SUMMER STUDIO: THE LIGHT POURS OUT OF ME
19 - 21 January 2016
Curated by Leslie Eastman
Closing Drinks | Thursday 21 Jan, 6 – 8pm
Studio Residency | 22 Dec 2015 – 21 Jan 2016
Emily Yuting Chen
Summer Studio supports two emerging artists who blur the lines between the creation, installation and exhibition process. Our 2016 resident artists are recent honours graduates from MADA (Monash University Art, Design & Architecture).
IMAGE | Emily Yuting Chen, Blinding Gaze, 2016, video still | Image courtesy of the artist.
MECHANICS, FLUIDS, HORIZONS, KINETICS: THE LIGHT POURS OUT OF ME
Water sits in a plastic bag inside a box. This box has a light and a screen and a motor. It is a kind of image machine – a technologically defunct projector/viewer of some kind, intended for viewing 35mm slides as if on a television, or in a lab. Here it is attempting to fulfill its mechanised imaging logic – we watch its shudders as it clicks through its loop, only here there is no sequenced narrative of images. Rather, we watch it engage in a time-loop of internal self-imaging, a closed circuit. What are we looking at? Spots, dark in the centre, translucent on the outside, congeal and melt. Slowly, too slowly sometimes to hold my attention. On the wall another liquid image shines, this one looks like molten gold. It shines out of another projector, one that is also imaging itself, or rather its golden light and the analogue index of the drops of water on its internal mirrors. These analogues are super-seductive as images, but that is only part of their purpose.
The temporality invoked here through these machine images, resists the narrative continuum of representation, rather it is a temporality created as micro scenes of variable continuities – time understood through waiting for a drop of water to expire, and reform. Emily told me that for her this work was about the horizon – about a line of demarcation between light and its absence, and about an intrusion of light into space. This can be seen in the third projection, a video of a white screen of some sort, tantalisingly offering glimpses of some exterior space – or is it just that we can hear what we think is an exterior and that makes us think there is an outside? All of this comes to end however when we witness what is evidently another machine that is somehow making this image, fall out of the frame. End of loop.
This horizon then is one of an eternal return – a repetition that does not offer up a reassuring end, a repetition that does not even have a convincing surety about its own means of production. The matter that forms the content of these images comes with a certain fatal potential for the machines that produce them. And these machines in their flawed and pathos driven mechanicalism deliver this return. Projection/ condensation form a loop. Reflection/anticipation form a loop. They offer us a defamiliarised materiality of the image, one that is neither organic nor a seamless extension of their mechanics. It is a materiality formed in the matter of the repetition of the machine.

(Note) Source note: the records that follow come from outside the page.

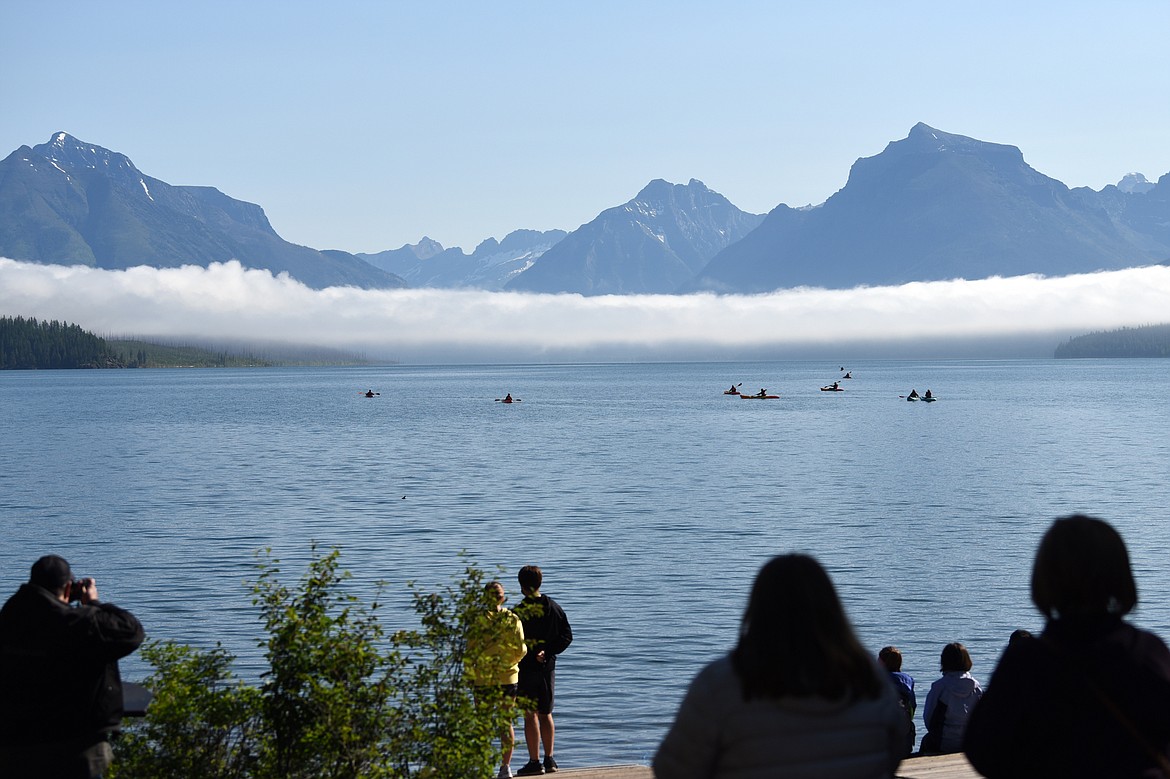 Visitors look out over Lake McDonald in Glacier National Park's Apgar Village on Friday, July 3. Due to traffic congestion and limited parking availability, access to the park's Going-to-the-Sun Road was temporarily restricted at Lake McDonald Lodge at 8:07 a.m. and at the foot of Lake McDonald at 8:51 a.m. Friday, according to the park's Twitter account. (Casey Kreider/Daily Inter Lake)
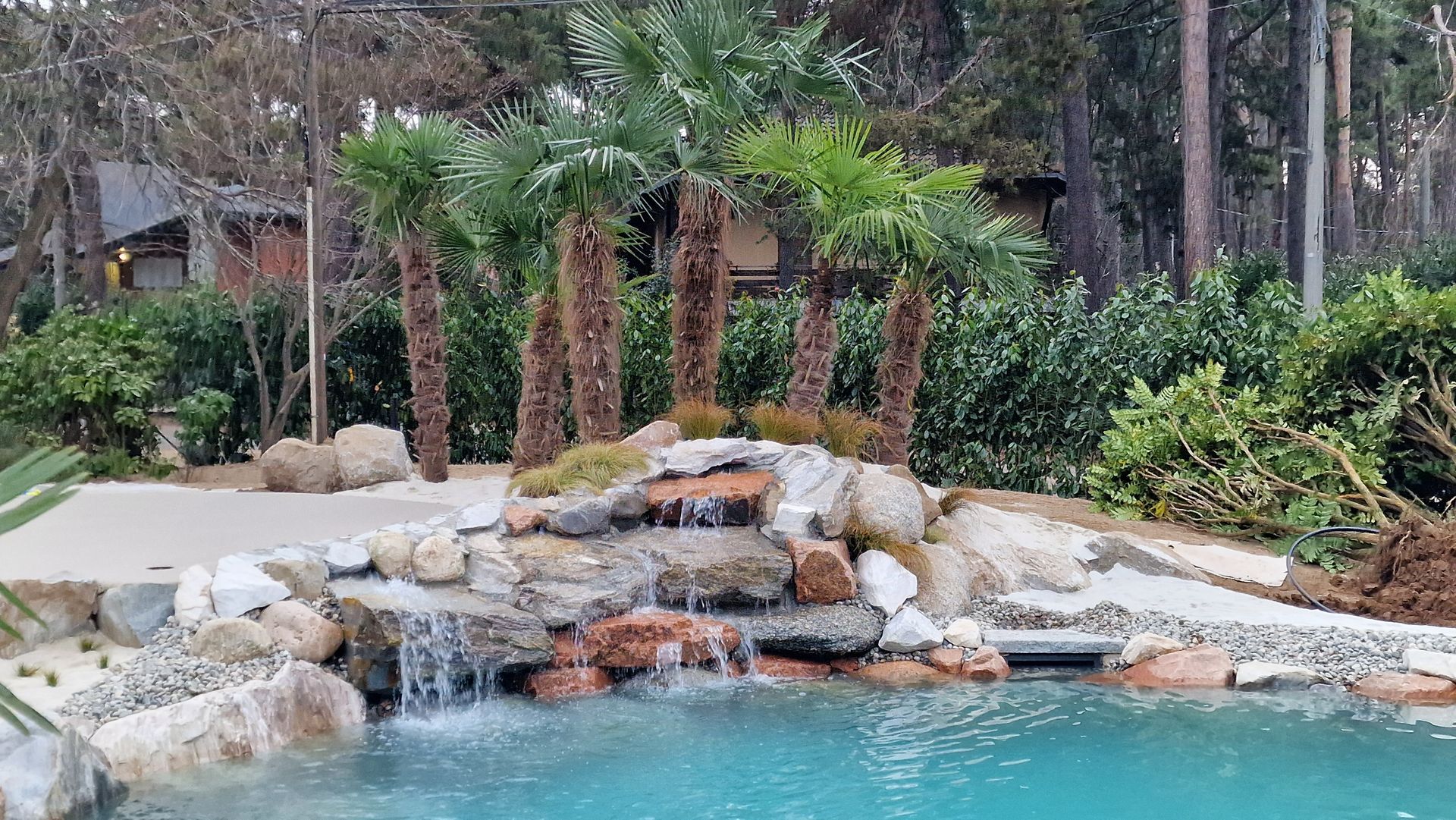 Cascata rocciosa che si riversa in una piscina turchese tra palme e vegetazione lussureggiante.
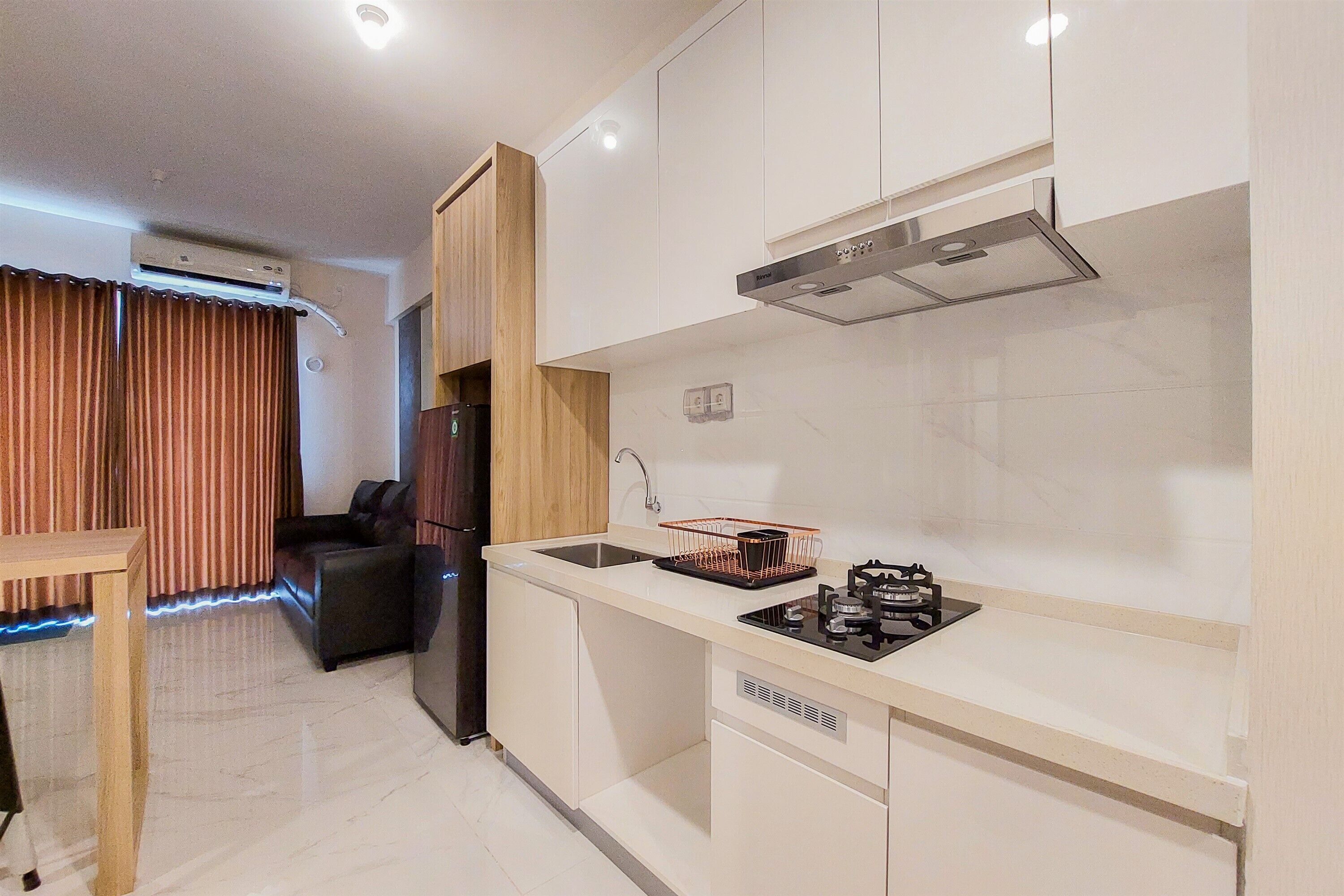 A modern kitchen with a built-in stove, sink, and ventilation hood. There is a wooden cabinet and a black chair in the adjacent living area.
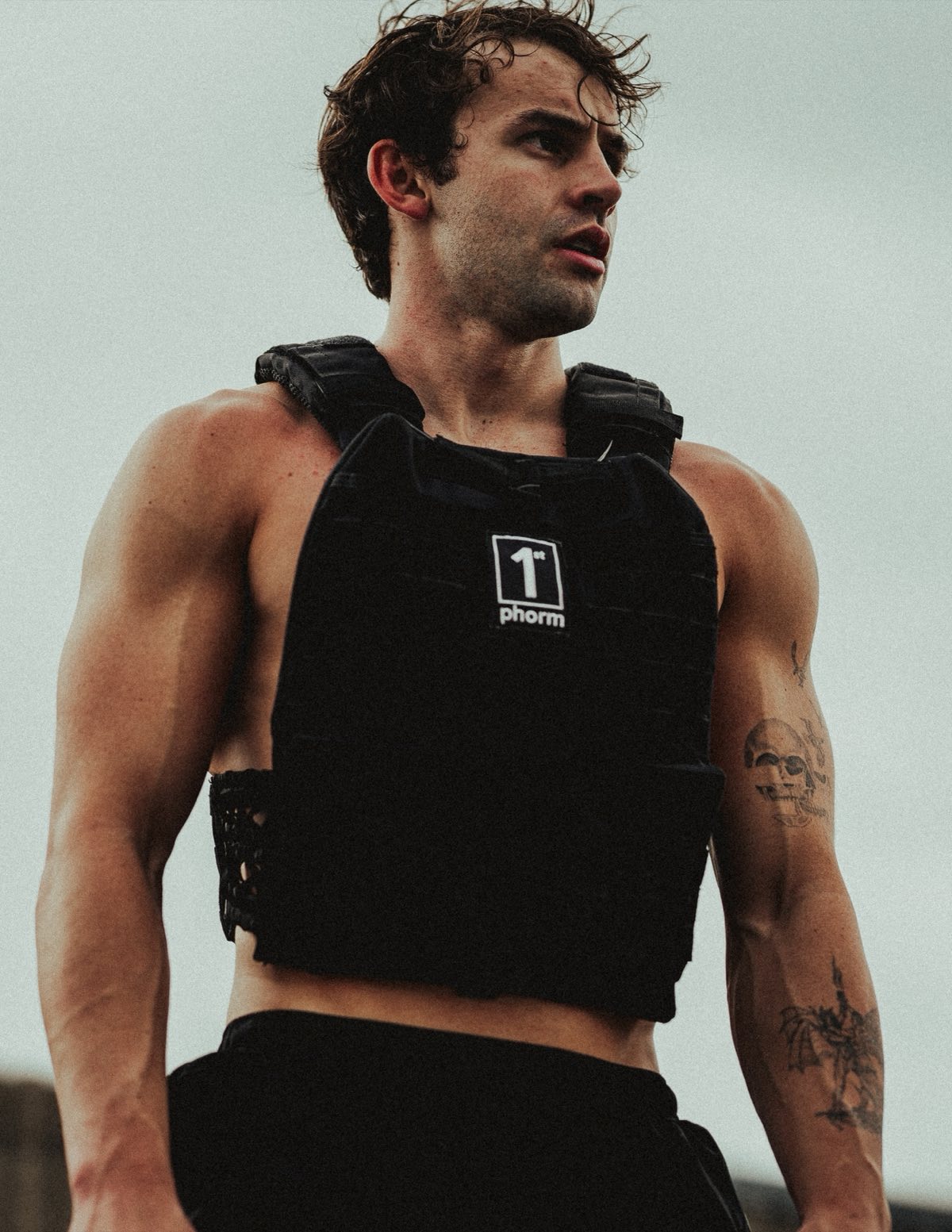 Anthony outdoors in a weighted vest, looking off to the side under a grey sky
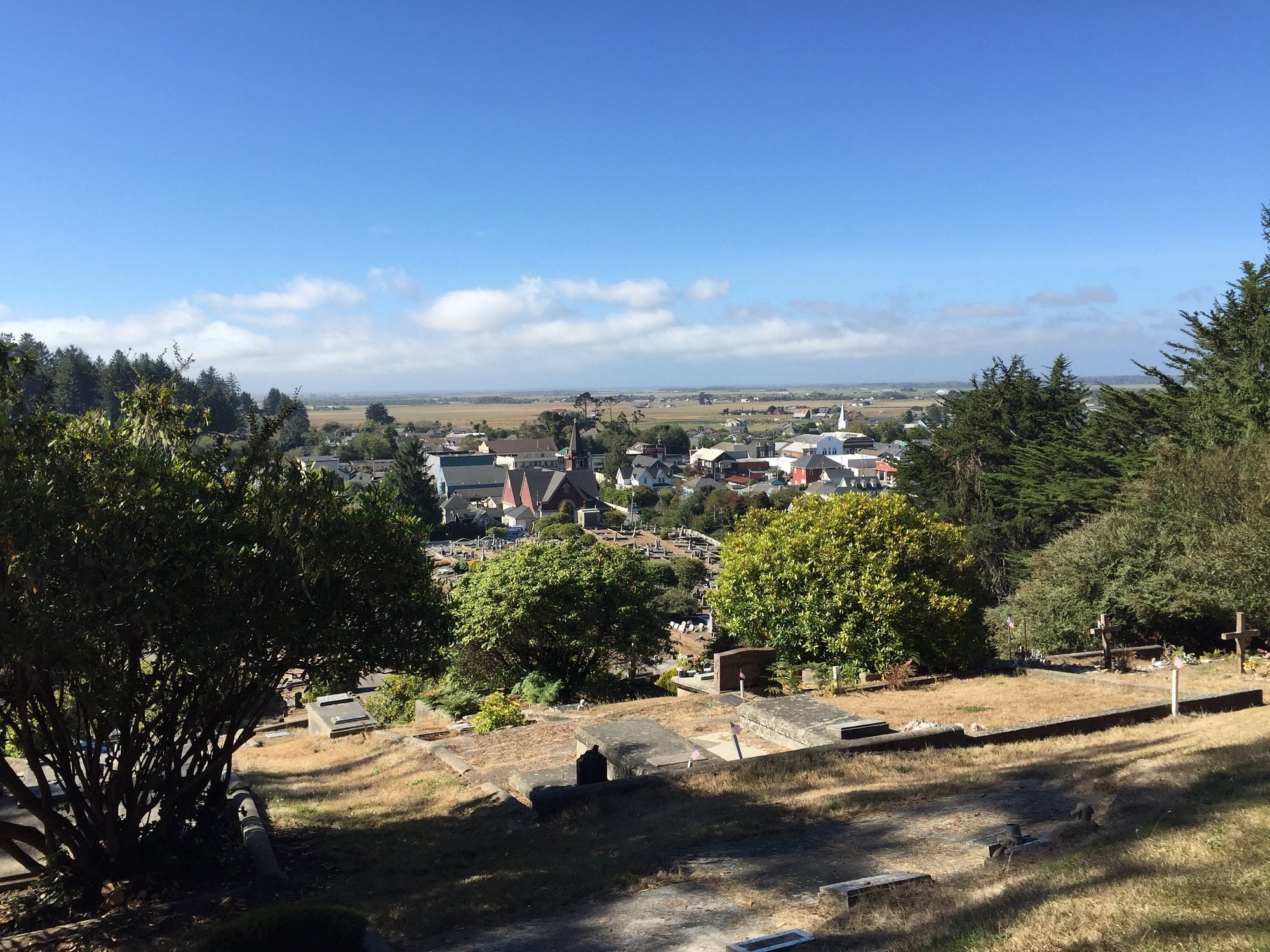A hillside cemetery with gravestones and trees overlooks one of those unique American towns, where a church and houses nestle under a blue sky dotted with scattered clouds. Flat open land stretches in the background.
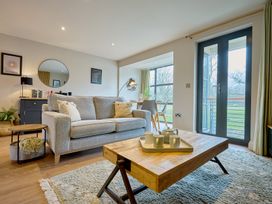A living room with a sofa and coffee table at Riverside Park 3 in Keswick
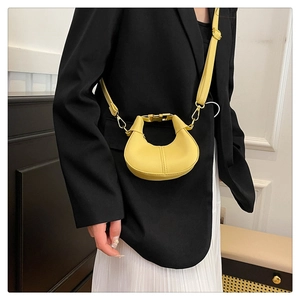 Detail of yellow crescent mini crossbody bag with golden chain and sleek leather finish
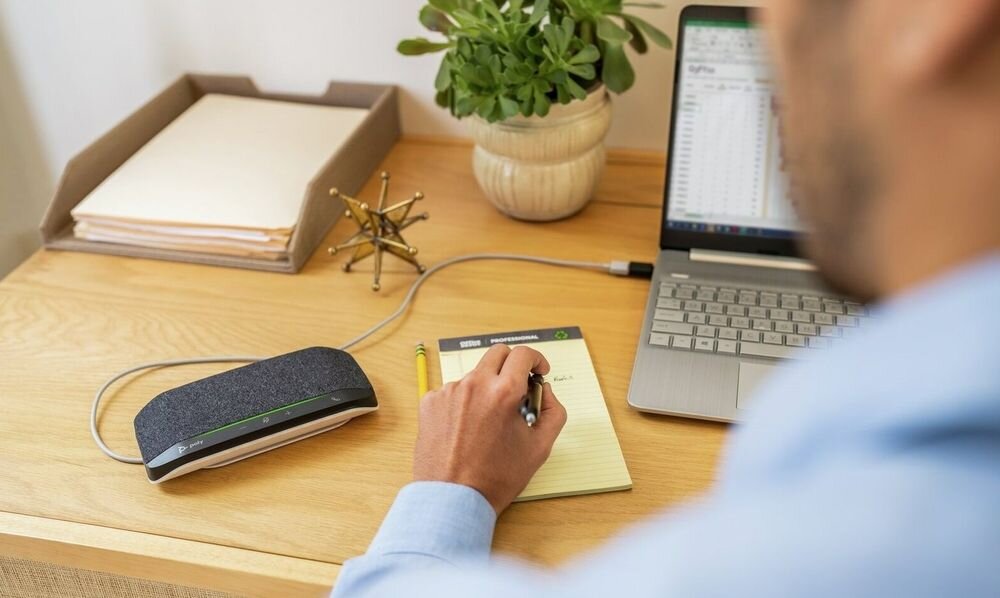 Zestaw głośnomówiący HP Poly Sync 10 profesjonalna jakość rozmów wygoda obsługa, osoba pracująca na laptopie, głośnik leżący na biurku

These two installations by Jordan Mitchell-Fletcher and Emily Chen offer a kind of parallel experience: ground/horizon, dissipation/defraction, kinetics/mechanics. They ask us to consider what comes first: sensibility or materiality? And can we distinguish between these matters/concepts if all thinking is an event of materiality?
- Fiona Macdonald
Fiona Macdonald is an artist and writer, and the BFA Honours Coordinator at MADA, Monash University.
Emily Yuting Chen’s practice explores the property of light reflexively through the mechanism of technological apparatuses such as the slide projector and flatbed scanner. Yuting Chen aims to materialise and sustain the intangible qualities in sensory encounters between forms of technology in part to reflect on the mechanism of human perception. Investigating the abstract language generated during the transmission of one medium to another, the work amplifies what emerges out of this deconstructive exchange – a living system that is generated by its own disintegration.